Mr. Dove, in his testimony, denied that McCoy had, at the meeting in Washington, made any suggestion that business relations or the contract in suit would be terminated, or that McCoy, at the conference in his office on September 18th, had said that the contract in suit would not be assigned, or that it would be terminated or cancelled upon the deal going through. Mr. Dove and others in his office testified as to a long distance conversation Dove had with Caperton on October 2nd, in which Dove complained that no shipments of coal had been made since September 24th, and explained to Caperton that credit to the Dove Company was equivalent to credit to the American Ice Company; and at the conclusion of the interview Dove immediately telegraphed to Mr. Oler, president of the ice company. In regard to this conversation Mr. Dove also testified as follows:

“Q. Now, I believe you said that in your talk with Mr. Caperton on October 2nd, you gave him references as to the credit of the American Ice Company?
“A. No. I referred to the American Ice Company for the Dove Company’s credit.
*817“Q. What Dove Company’s credit?
“A. The J. Maury Dove Company,-of Delaware.
“Q. That is what I mean. You referred him then to the American lee Company for the credit of the J. Maury Dove Company, of Delaware?
“A. Yes, sir.
“Q. You told him in conversation that that company was functioning, did you?
“A. No, he asked me the question. He knew nothing about the new company. I said the best thing I can do is to say that the American Ice Company stands behind it and I will have Mr. Oler furnish you the same information by wire and letter today.
“Q. You did tell him then that there was a new company?
“A. Yes, sir.
“Q. Did you tell him what the style of it was?
“A. That never came up.
“Q. You just told him that a new company had succeeded to the business of the plaintiff and that the American Ice Company would give assurances as to the credit of the new company?
“A. Correct.
“Q. Did you tell him that you were president of the new company or representing the new company?
“A. I don’t know whether I did or not. I told him I was authorized to speak for the new company, at any rate.
“Q. And it was, of course, the new company that was short of smokeless coal on that date?
“A. Yes.”

Following this telephone talk Mr. Dove went to Charleston, W. Va., and there saw Mr. Caperton on October 5th. Under date of September 29th the J. Maury Dove Company mailed to the coal company *818a requisition for seventy-eight cars of coal to be shipped during the month of October, at the rate of three cars a day. At the interview in Charleston, October 5th, Mr. Dove had with him a copy of the agreement of September 24th with the ice company which was shown to Mr.
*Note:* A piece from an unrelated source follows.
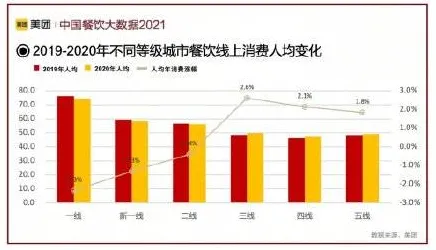 《暗黑破坏神丨不朽》2025全球首发！独占内容解析实测数据曝光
Caperton; he told Caperton that no actual assignment of the coal contract had been made, as the assignment had not been executed; that Oler’s telegram was wrong; Caperton, and also his counsel who was present part of the time, read the September 24th agreement and the counsel gave it as his opinion that the agreement itself operated as an assignment ,- the final result of the conversation was “that Caperton refused to go along.” Mr. Caperton was examined and cross-examined at length with reference to this-interview. He said Mr. Dove stated that the coal required was to be shipped to the new Maury Dove Company. There are some contradictions in their testimony, but they both agree that Caperton said he-had sold the October output of coal to various parties, prior to that interview — probably by October 2nd,. Caperton claiming he had a right to do so, as his contract with the old company was at an end; and he had sold the coal at from $2.00 to $2.75 a ton. Dove saw Caperton again on October 14th without result, though he then told Caperton that if it was a question of credit he was prepared to settle for coal shipped, paying-cash on invoice or in advance or otherwise. Correspondence ensued during October between counsel for the two companies as to the right of the coal company to refuse shipments of coal either on the ground of impaired credit or assignment of the contract. On November 2nd counsel for the Dove Company sent the following to the coal company:

*819■“ Gentlemen:
Attention Mr. Caperton.
“Acting as attorney for the J. Maury Dove Company, Incorporated, organized under the laws of the District of Columbia, and pursuant to your contract with that company of July 1, 1926, I beg to enclose duplicate Order No. 389, dated September 29,1926, together with New York Draft, No. 33,192, in the sum of 17,500.00. Please promptly execute the order mentioned.
“Likewise acting as attorney for the same company, pursuant to the same contract, I beg to hand you herewith further order No. 469 under date of November 2, 1926, together with New York draft No. 33,193 in the sum of 87,500.00, and shall likewise appreciate your prompt attention in executing this order also.
“As you have already been advised through your counsel, Mr. E. W. Knight, no assignment of the contract mentioned was ever made, and my client has waived the credit feature as typified by the remittances herewith made. The two Dove Companies have agreed upon a new contract, which will be executed within the next few days, and a copy of which will be transmitted to you at that time through your counsel, by which the provision of the contract between the Dove Company and the American Ice Company, prohibiting the former from engaging in business, is modified to the extent of requiring that company to continue in business for all of the purposes of your contract with it.
“I am of course forwarding a copy of this letter to Mr. Knight.
“Yours very truly.”

To this Mr. Caperton replied on November 4th thus:

*820“Dear Sir:
“Our reply to your letter of November 2nd has been somewhat delayed by the absence from town of the-writer.
“We were repeatedly advised more than a month ago-by your clients, the J. Maury Dove Company, with which we had a coal contract, and the American Ice Company, that said coal contract together with the-business and all property and assets of the Dove Company, with certain exceptions, had been assigned to the-American Ice Company, and that the Dove Company was bound to discontinue business and would be-liquidated, etc., and such liquidation was immediately-begun. We promptly notified representatives of both companies that we would not consent to the assignment,, and that we regarded the coal contract as ended.
“We cannot see that the proposed new contract between the Dove Company, which you mention, purporting to rescind or modify portions of the contract between the Dove Company and the ice company affects the situation, and we are not willing to make a. contract for the sale of coal on the terms indicated by your orders.
“Accordingly we return herewith the orders and. drafts which accompanied your letter.
“Very truly.” ’

A subsequent requisition for coal was also sent on November 27th, which was likewise refused.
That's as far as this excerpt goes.